**WHAT TO PRODUCE:**
Where the word "image" occurs in a line of the listing below, copy that line.

**SUPPLIED DATA:**
- - - - - - -

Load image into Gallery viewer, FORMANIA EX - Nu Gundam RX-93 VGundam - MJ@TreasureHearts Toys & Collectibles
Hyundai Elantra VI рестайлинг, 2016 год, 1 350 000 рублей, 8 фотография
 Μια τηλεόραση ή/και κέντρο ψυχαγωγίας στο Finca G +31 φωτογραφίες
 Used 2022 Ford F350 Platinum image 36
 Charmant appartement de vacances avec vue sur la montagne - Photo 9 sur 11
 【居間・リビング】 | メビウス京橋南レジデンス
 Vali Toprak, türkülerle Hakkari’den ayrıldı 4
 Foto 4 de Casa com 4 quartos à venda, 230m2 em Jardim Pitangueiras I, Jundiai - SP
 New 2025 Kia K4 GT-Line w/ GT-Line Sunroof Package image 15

- - - - - - -

**RESPONSE:**
Load image into Gallery viewer, FORMANIA EX - Nu Gundam RX-93 VGundam - MJ@TreasureHearts Toys & Collectibles
 Used 2022 Ford F350 Platinum image 36
 New 2025 Kia K4 GT-Line w/ GT-Line Sunroof Package image 15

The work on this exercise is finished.